INTELLECT-MATH: Frontier Mathematical Reasoning through Better Initializations for Reinforcement Learning
🔗 Blog Post • 🐦 X / Twitter • 🤗 Weights & Data
This repository contains code for reproducing INTELLECT-MATH, a frontier 7B parameter model for mathematical reasoning.
INTELLECT-Math was trained in two stages: an initial SFT stage and a second online reinforcement learning stage based on Process Reinforcement through Implicit Rewards.
By generating our SFT dataset with a strong teacher model like QwQ-32B, we can provide a better policy initialization for online reinforcement learning. This way, we can match the performance of the existing SOTA model Eurus-2-7B-Prime with 10x less time spent on reinforcement learning, and outperform the model with further training.
Intellect-Math (Step 255) | Intellect-Math (Step 47) | Eurus-2-Prime (Step 592) | Intellect-Math-SFT | Eurus-2-SFT | Qwen-2.5-Math | |
---|---|---|---|---|---|---|
MATH-500 | 82.0 | 81.6 | 79.2 | 72.8 | 65.1 | 79.8 |
OLYMPIADBENCH | 49.5 | 46.7 | 42.1 | 39.1 | 29.8 | 40.7 |
AIME 2024 | 26.7 | 26.7 | 26.7 | 16.6 | 3.3 | 13.3 |
AMC | 60.2 | 57.8 | 57.8 | 45.8 | 30.1 | 50.6 |
MINERVA MATH | 39.7 | 37.8 | 38.6 | 33.8 | 32.7 | 34.6 |
AVG | 51.6 | 50.1 | 48.9 | 41.6 | 32.2 | 43.8 |
You can reproduce INTELLECT-MATH step by step using the following code:
To generate our SFT dataset, we used QwQ-32B to sample two responses for every question from the NuminaMath dataset. To achieve fast throughput and large batch sizes, we use the sglang inference engine. Keeping only the correct responses, we are left with PrimeIntellect/INTELLECT-MATH-7B-SFT-Data, a dataset containing 733k questions and responses.
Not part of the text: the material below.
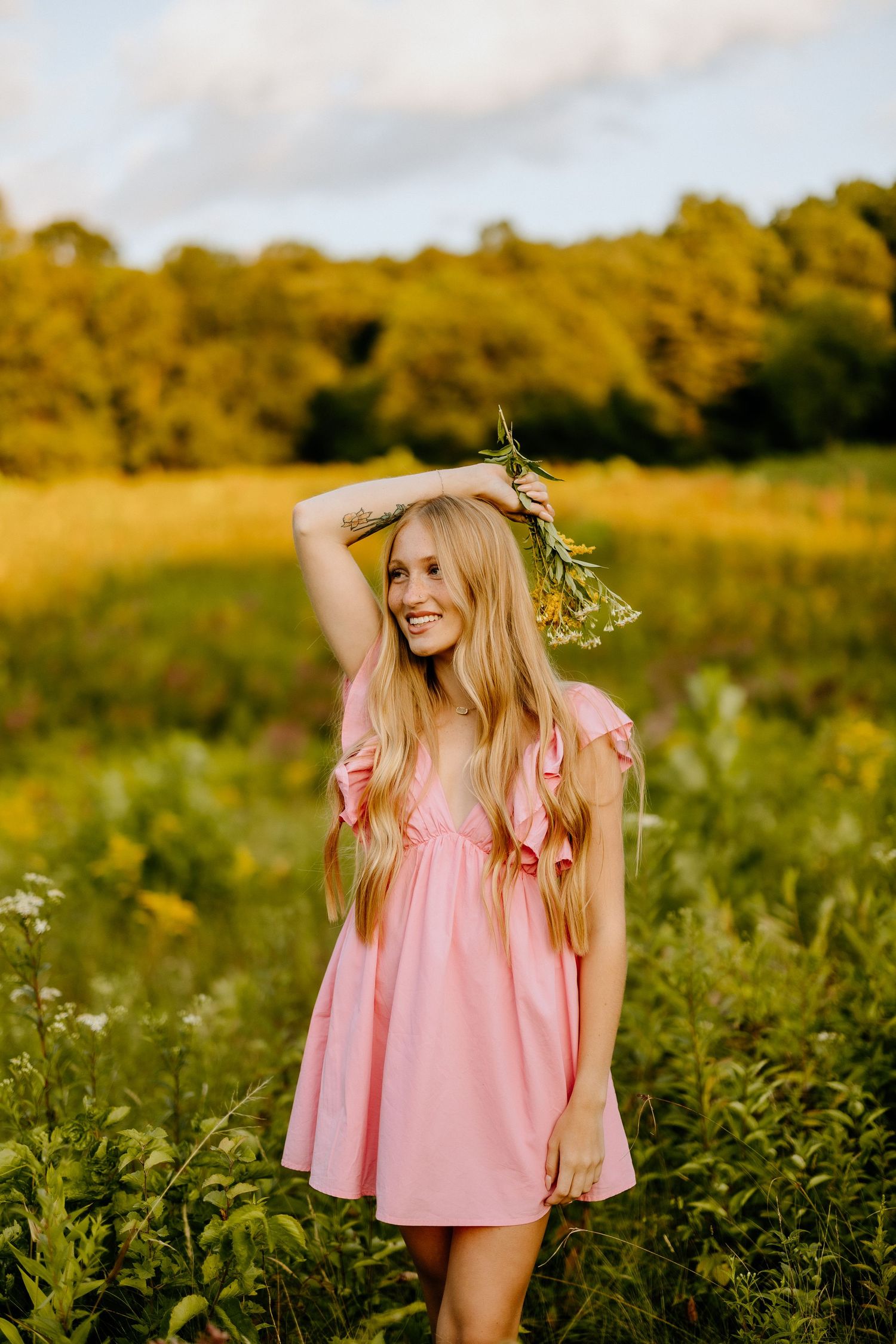 A pink ruffled dress twirls in a golden summer meadow with wildflowers.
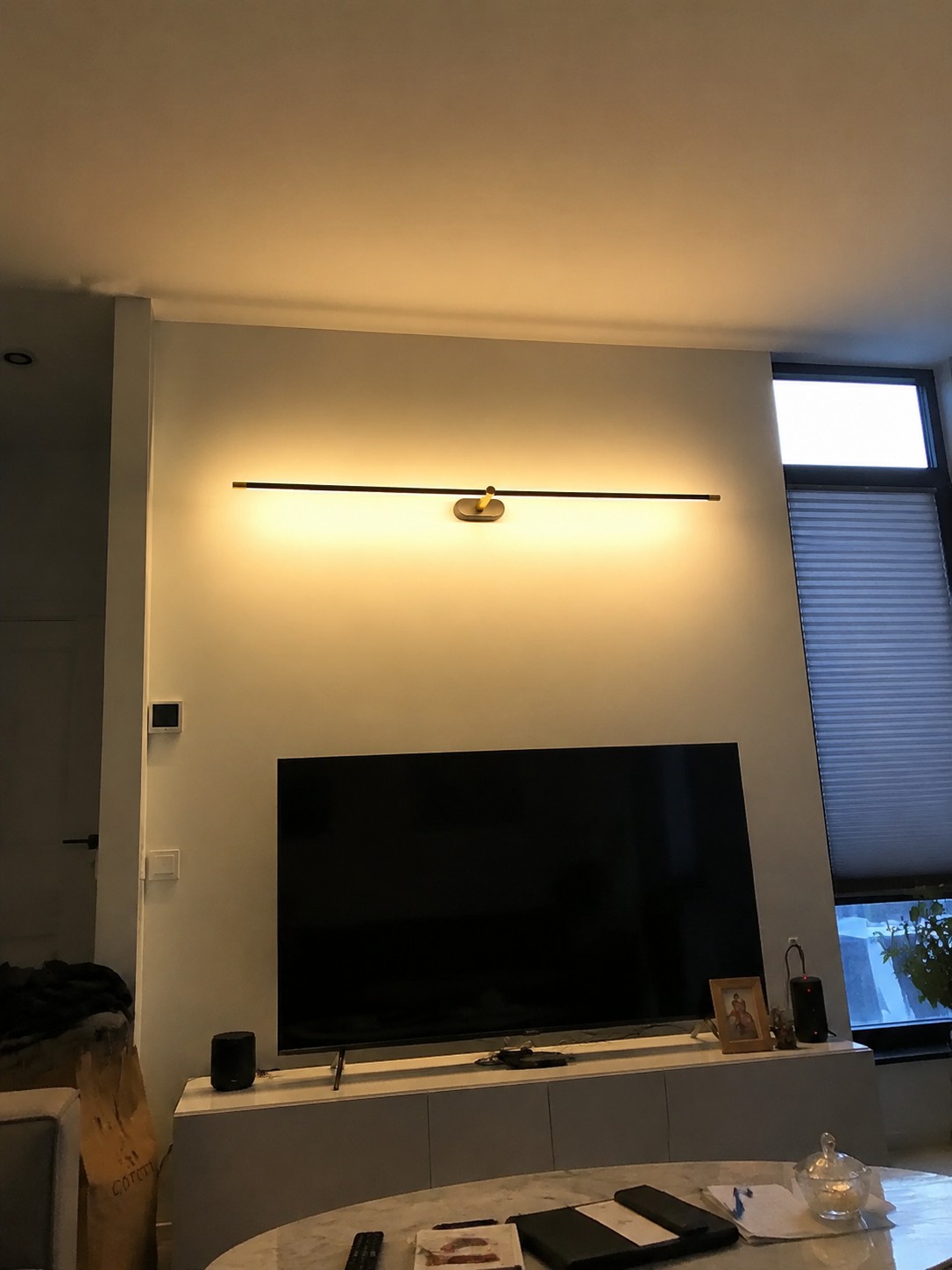 Kady wandlamp boven een televisie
You can use the code in synthetic-data
to generate an SFT dataset:
cd synthetic-data
# install requirements
pip install -r requirements.txt
# generate data, sampling two responses per question
python generate.py --num_responses_per_question 2
We used open-instruct to fine-tune Qwen/Qwen2.5-Math-7B into PrimeIntellect/INTELLECT-MATH-SFT. The code for can be found in sft
. Follow the README inside the folder to set up your environment - then you can reproduce our SFT model using the script intellect-math-scripts/train_intellect_math_7b_sft.sh
.
Finally, you need to further train your SFT model with reinforcement learning using PRIME-RL. This last step was used to train PrimeIntellect/INTELLECT-MATH from PrimeIntellect/INTELLECT-MATH-SFT. The code for this, along with evals, can be found in rl-and-evals
. To reproduce our model, you can use the script rl-and-evals/training/intellect-math-scripts/train_intellect_math_7b.sh
.